Only the lines from the one containing "Image of a charming" through the last line of the data below belong in your answer, copied exactly and without pictures.

Captioned web images
-=-=-

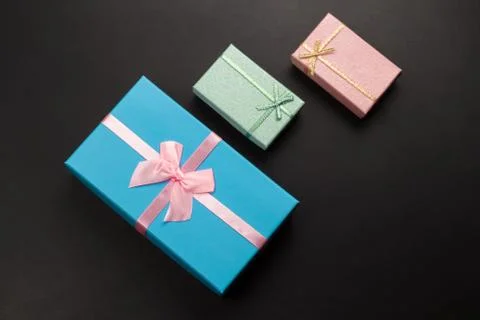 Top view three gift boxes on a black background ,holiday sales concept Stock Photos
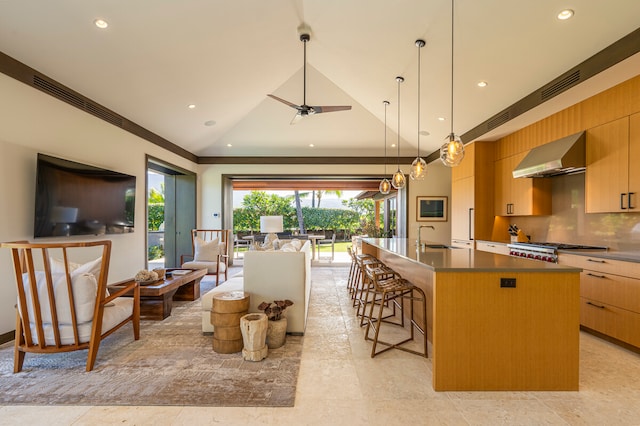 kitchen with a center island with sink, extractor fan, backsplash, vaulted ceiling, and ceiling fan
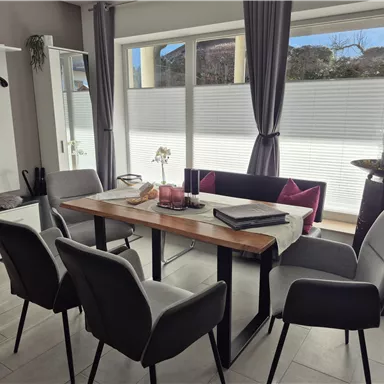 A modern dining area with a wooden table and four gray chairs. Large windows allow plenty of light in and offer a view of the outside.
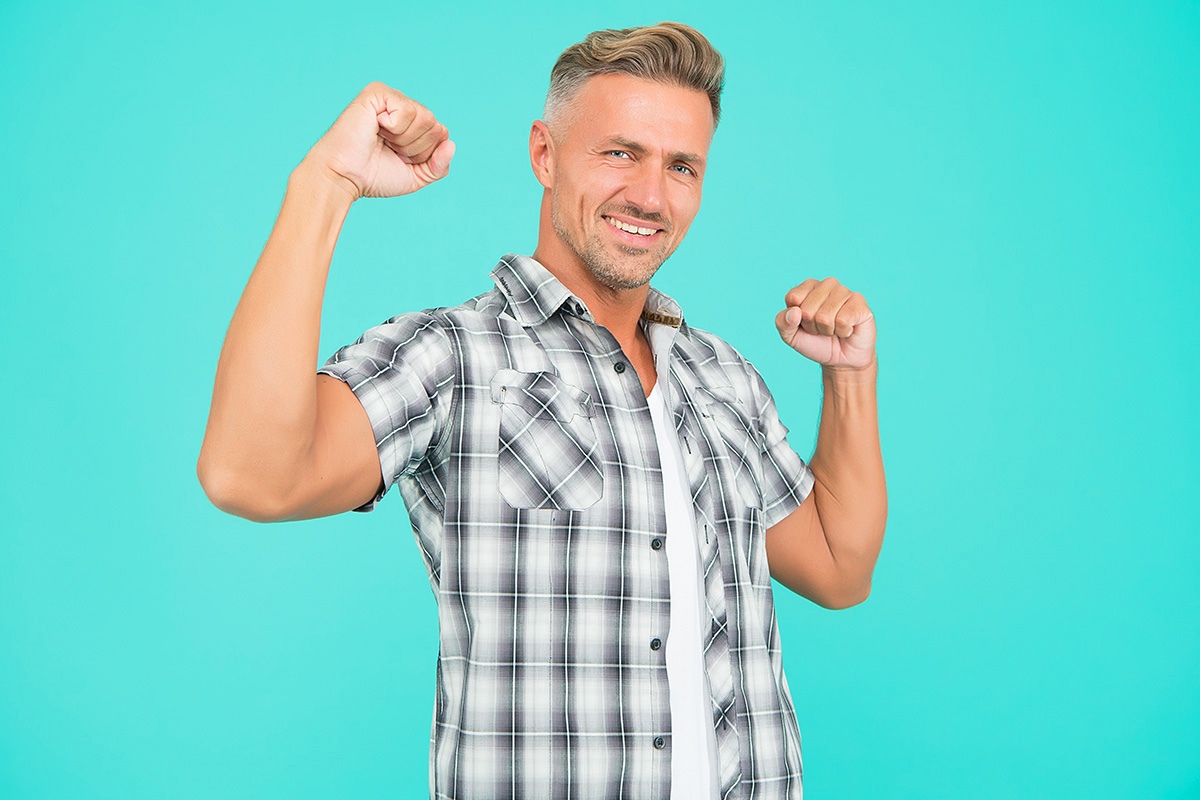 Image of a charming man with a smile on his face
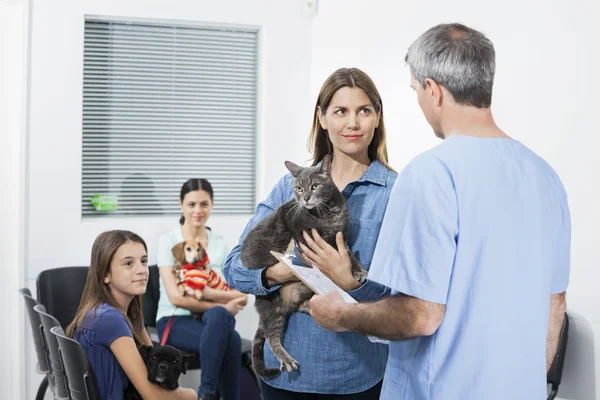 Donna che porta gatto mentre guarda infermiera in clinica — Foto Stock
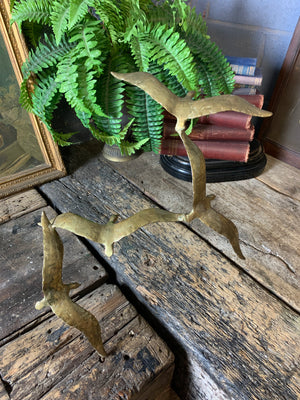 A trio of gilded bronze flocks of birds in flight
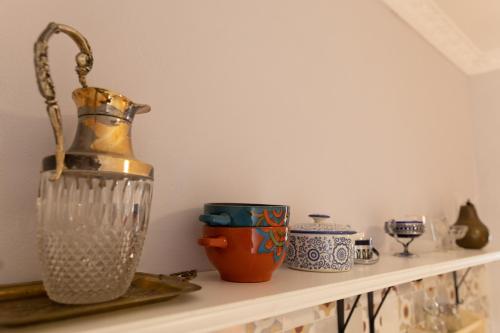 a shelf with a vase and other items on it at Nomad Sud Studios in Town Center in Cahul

-=-=-

— Reply —
 Image of a charming man with a smile on his face
 Donna che porta gatto mentre guarda infermiera in clinica — Foto Stock
 A trio of gilded bronze flocks of birds in flight
 a shelf with a vase and other items on it at Nomad Sud Studios in Town Center in Cahul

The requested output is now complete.